[[ EXERCISE DATA open ]]

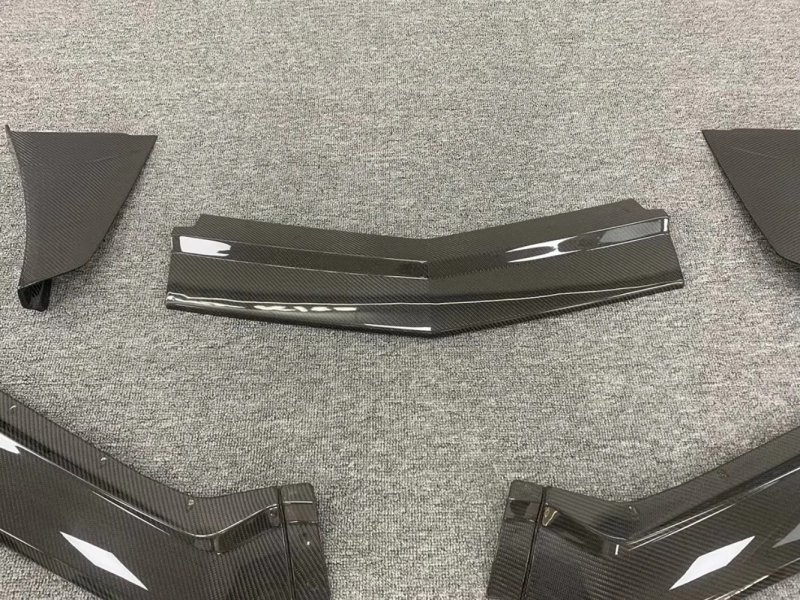 High Quality Fast Delivery Whole Sale Price Carbon Fiber Racing Edition Front Lip Body Kits for Corvette C8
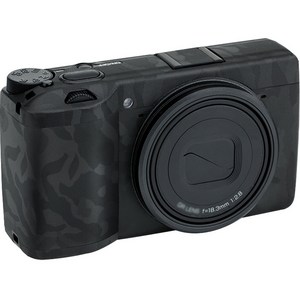 JJC 카메라 스킨 스크래치 보호 필름 쉐도우 블랙, 리코 GR3X GR3, 1개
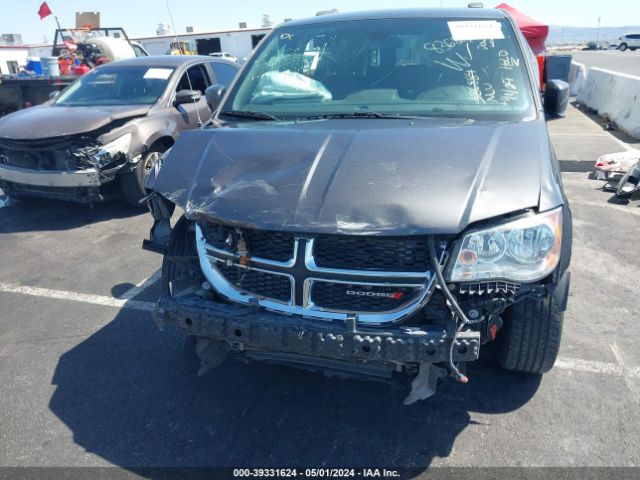 2C4RDGCG9KR623168 Dodge Grand Caravan Sxt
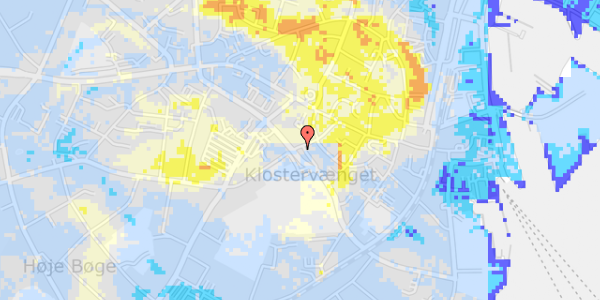 Ekstrem regn på Gerritsgade 35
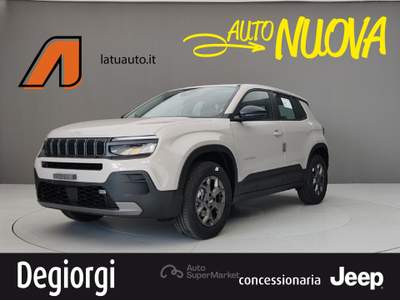 Jeep Avenger 1.2 MHEV 110CV LONGITUDE DCT Bianco usata Voghera Jeep Avenger 1.2 MHEV 110CV LONGITUDE DCT Bianco usata Voghera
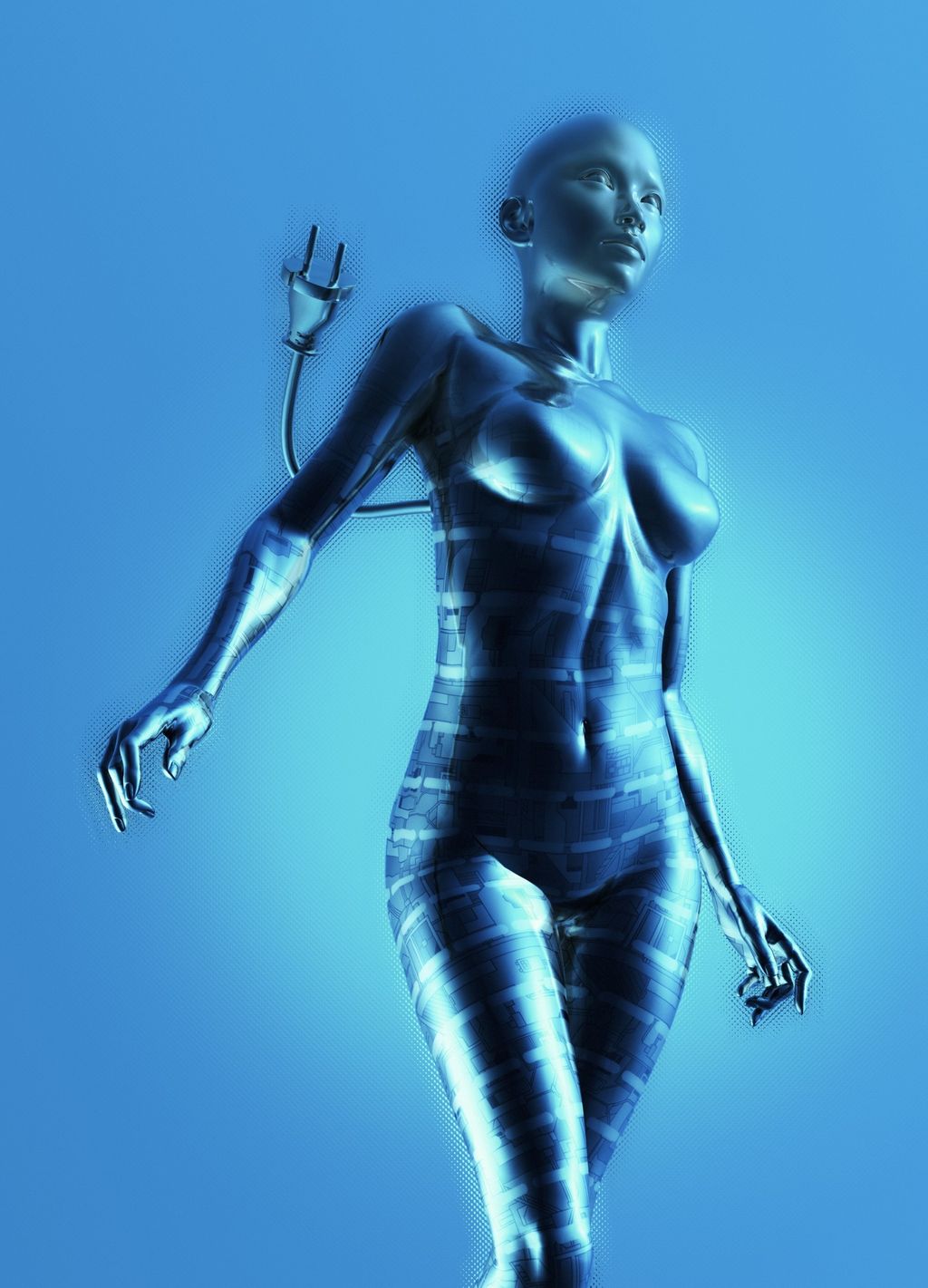 &nbsp;Robot, cyborg, androide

[[ EXERCISE DATA closed ]]

TO DO: With the pictures excluded, transcribe word for word only the lines from the one containing "2C4RDGCG9KR623168 Dodge Grand Caravan Sxt" through the last line of the records.

SOLUTION BELOW:
 2C4RDGCG9KR623168 Dodge Grand Caravan Sxt
 Ekstrem regn på Gerritsgade 35
 Jeep Avenger 1.2 MHEV 110CV LONGITUDE DCT Bianco usata Voghera Jeep Avenger 1.2 MHEV 110CV LONGITUDE DCT Bianco usata Voghera
 &nbsp;Robot, cyborg, androide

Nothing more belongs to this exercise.